Cosmologies with Energy Exchange
John D. Barrow, T. Clifton
TL;DR
This paper presents a unifying two-fluid energy-exchange model in a flat Friedmann universe, reducing the dynamics to a master equation for the Hubble parameter and deriving exact power-law attractors under broad conditions. It shows how diverse cosmological problems—such as particle annihilation, PBH evaporation, and vacuum decay—are specialty cases of the same framework, and explores extensions to anti-decaying and phantom fluids that reveal oscillatory or altered expansion histories. A key result is the attractor nature of power-law solutions when $A^{2}\ge8B$ and $\delta=B/A^{2}\le1/8$, with the ratio of the two energy densities remaining constant during these epochs.

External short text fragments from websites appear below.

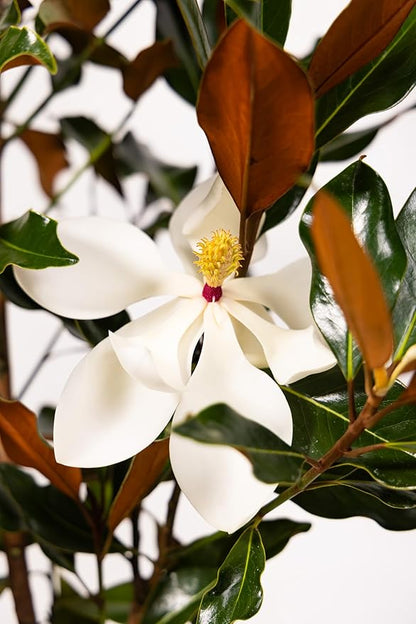 Southern Magnolia Sympathy Gift Tree by The Magnolia Company - Get Beautiful and Fragrant Flowers on Lush in Memory Magnolia Tree Gift - Can Not Ship to California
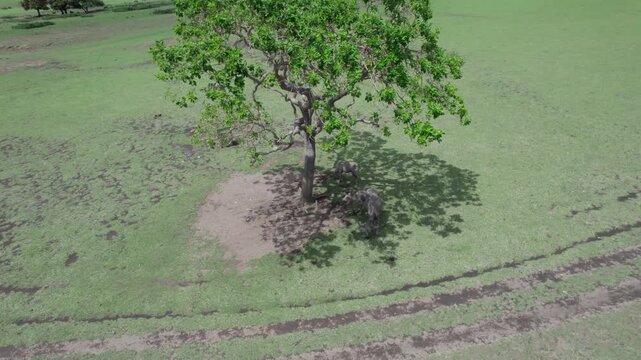 A dynamic aerial shot circling a lush, green tree providing shade in a vast, dry savanna landscape. Below the canopy, two water buffaloes (Asian Bubalus Bubalis) are peacefully grazing.
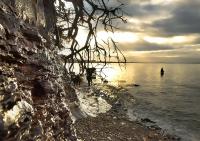 Bifogad bild: west_coast.jpg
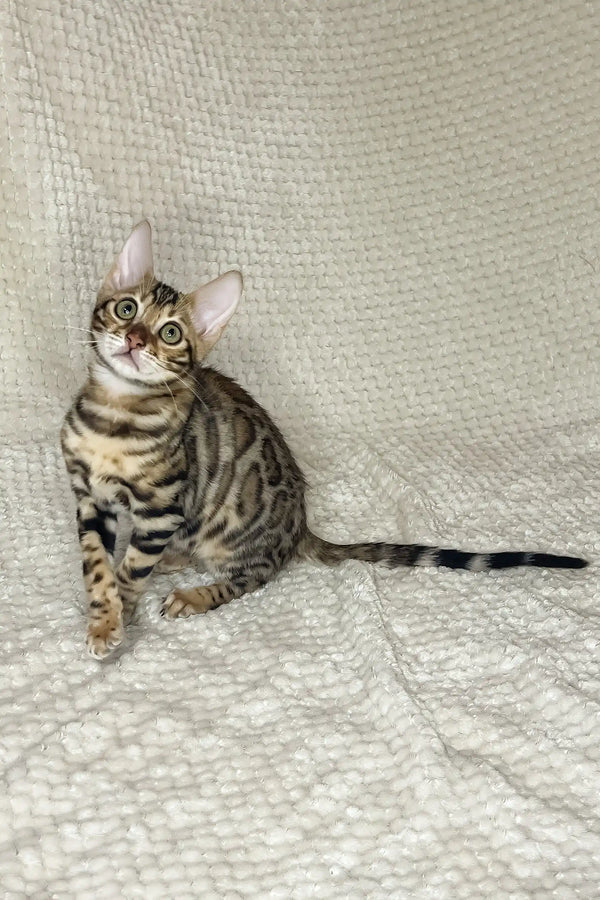 Dexter | bengal kitten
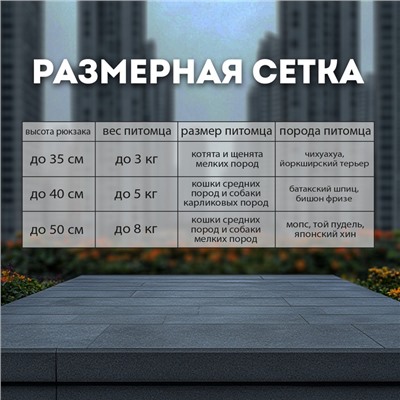 Рюкзак-переноска для кошек и собак, оксфорд+сетка, 32 х 28 х 40 см, серый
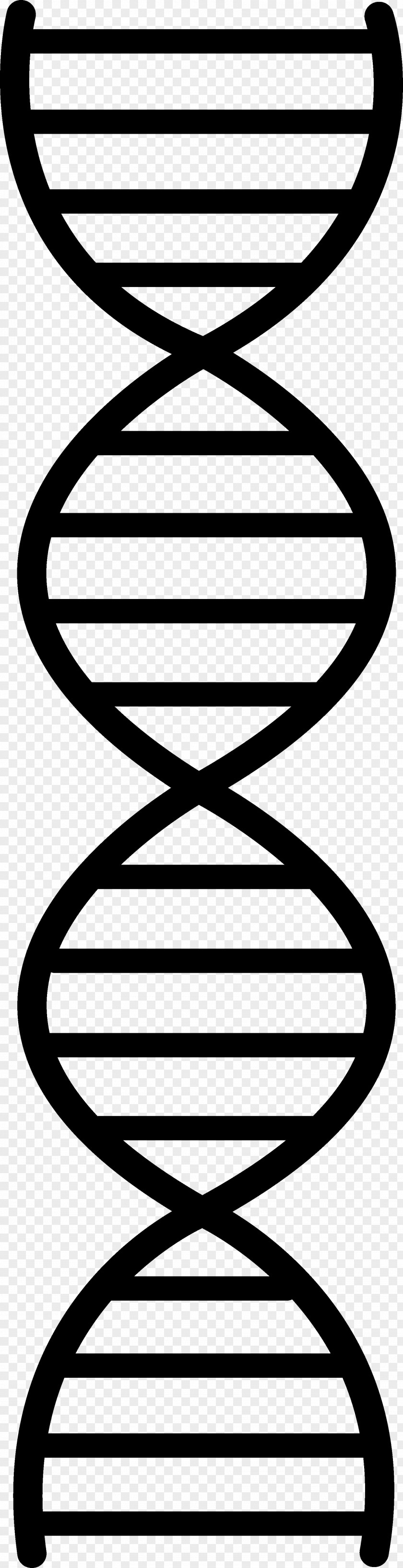 Double Helix Vector DNA Replication Nucleic Acid Clip Art PNG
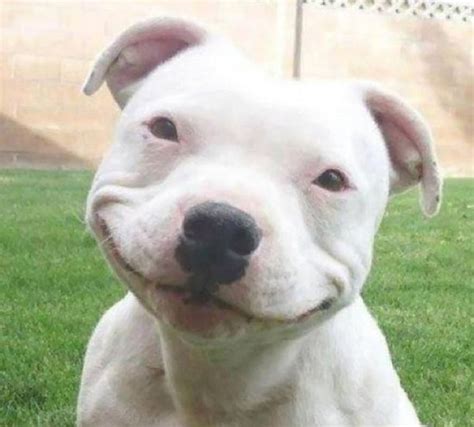 These 30 Images Prove that Pit Bulls Are Extremely Vicious Creatures, Especially #9.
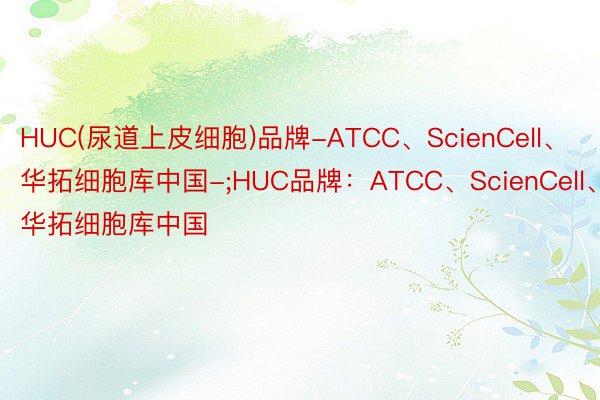 HUC(尿道上皮细胞)品牌-ATCC、ScienCell、华拓细胞库中国-;HUC品牌：ATCC、ScienCell、华拓细胞库中国
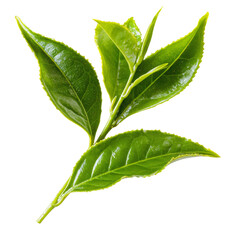 Poster - PNG image of green tea leaves isolated against a transparent background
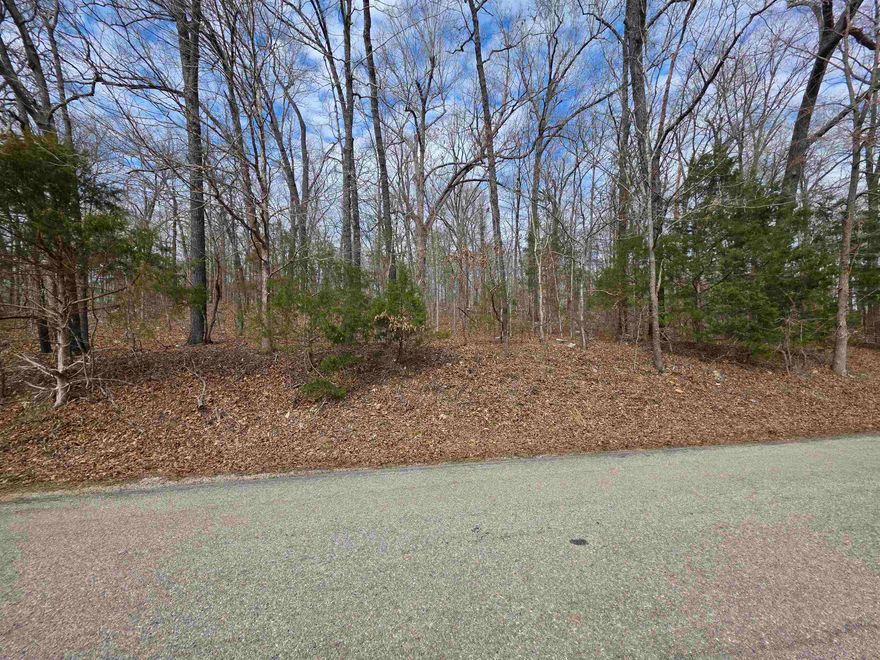 Must-see lakeview lot overlooking Lake Sherwood in Hardy, Arkansas. This lot is in a prime location near the downtown area of Hardy. Enjoy private lake life on a hilltop while also taking advantage of town amenities. This lot allows you access to two private lakes and private recreation areas. You can also enjoy shopping, camping, parks, and river access in town. Come see this lot and pick out the building spot for your home or cabin with a great lake view.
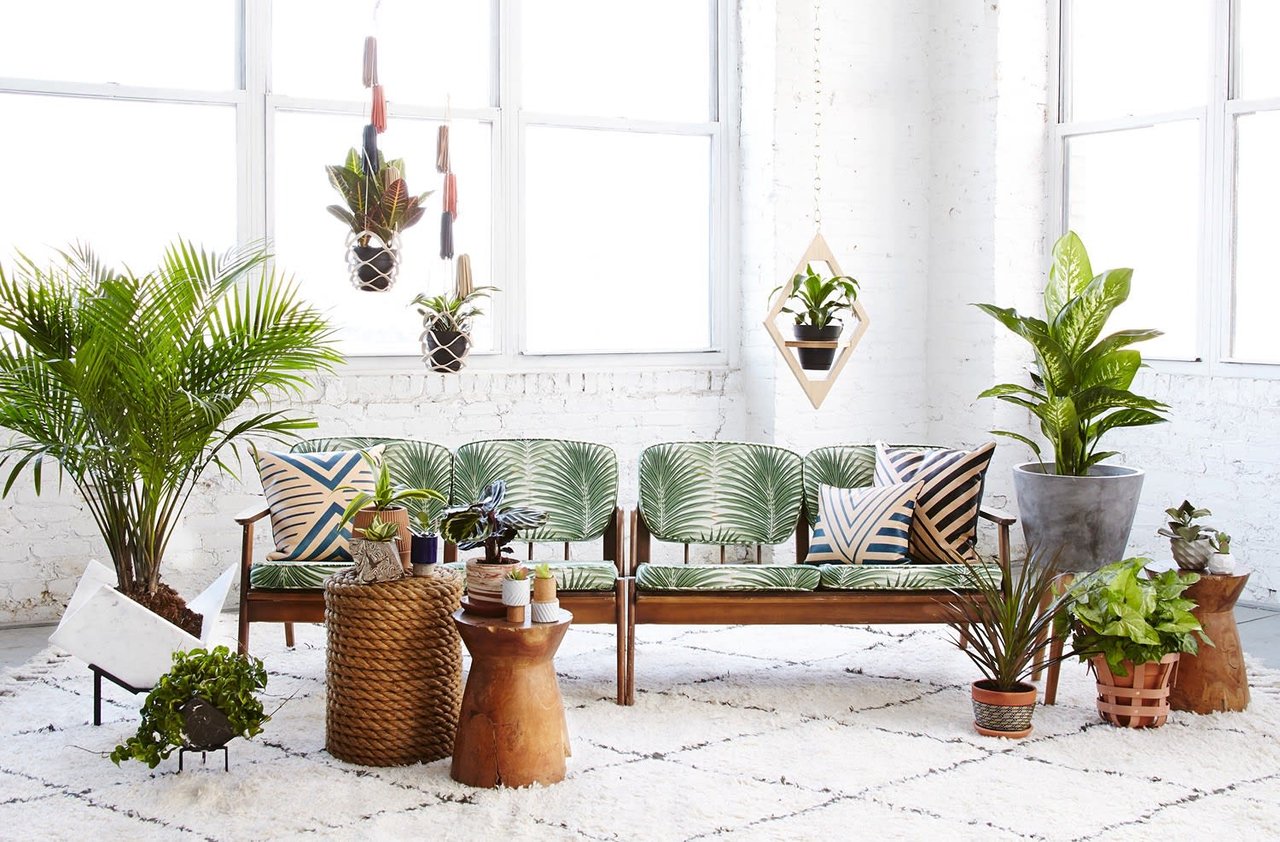 The Best Indoor Plants to Purify the Air in Your Home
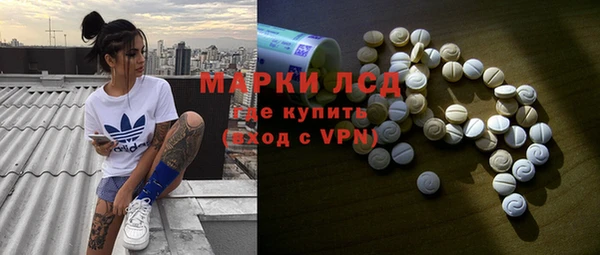 сатива Зерноград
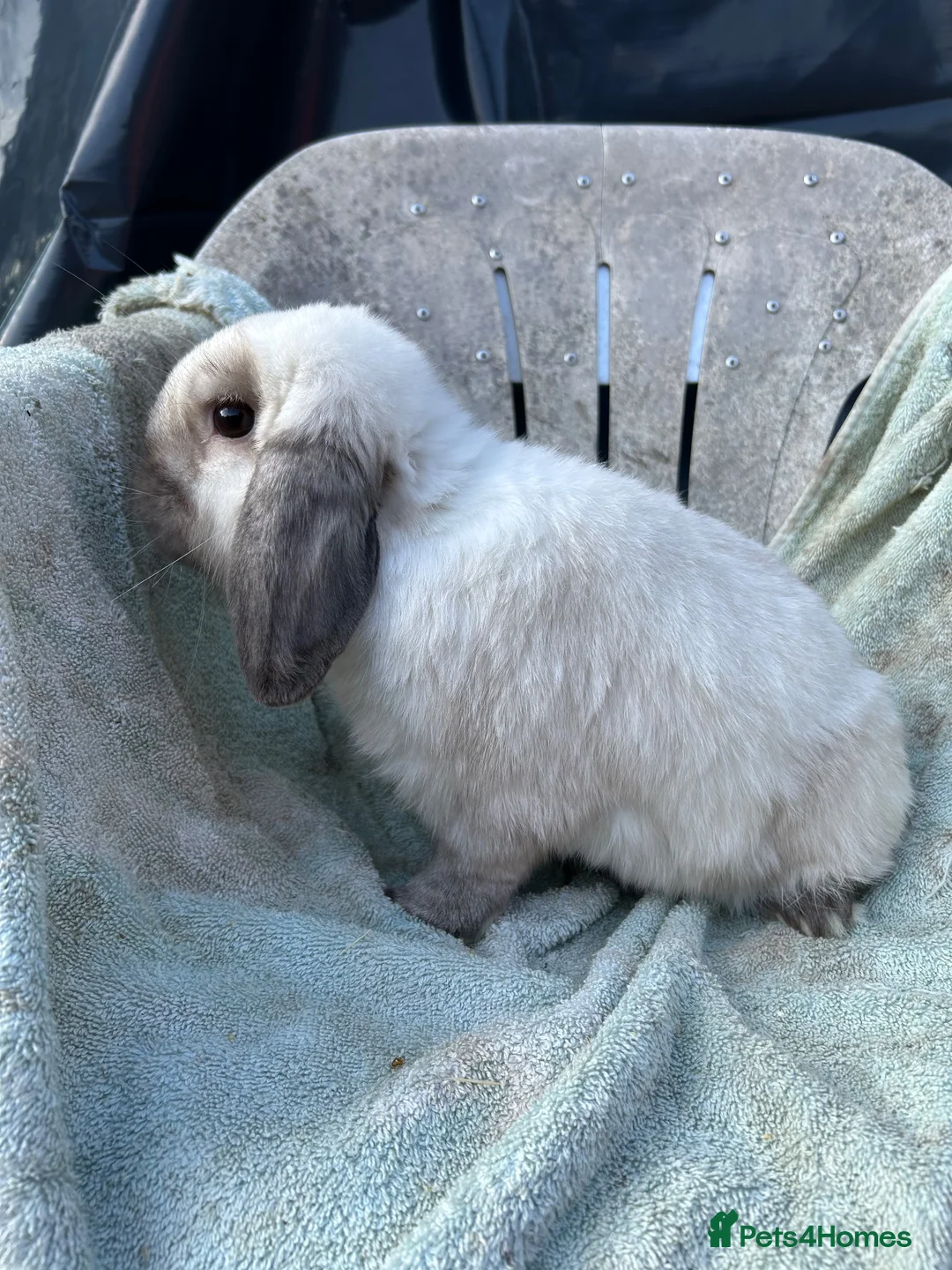 Mini Lop rabbits for sale: Sealpoint mini lop - Advert 3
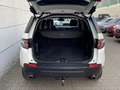 Land Rover Discovery Sport Sport 2.0 eD4  Pure Nav Shz EU6 Weiß - thumbnail 10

The work thus provides a simple, versatile tool for analyzing interacting-fluid cosmologies and clarifies the stability of scaling solutions across a wide range of physical regimes.
Abstract
We provide a simple mathematical description of the exchange of energy between two fluids in an expanding Friedmann universe with zero spatial curvature. The evolution can be reduced to a single non-linear differential equation which we solve in physically relevant cases and provide an analysis of all the possible evolutions. Particular power-law solutions exist for the expansion scale factor and are attractors at late times under particular conditions. We show how a number of problems studied in the literature, such as cosmological vacuum energy decay, particle annihilation, and the evolution of a population of evaporating black holes, correspond to simple particular cases of our model. In all cases we can determine the effects of the energy transfer on the expansion scale factor. We also consider the situation in the presence of anti-decaying fluids and so called phantom fluids which violate the dominant energy conditions.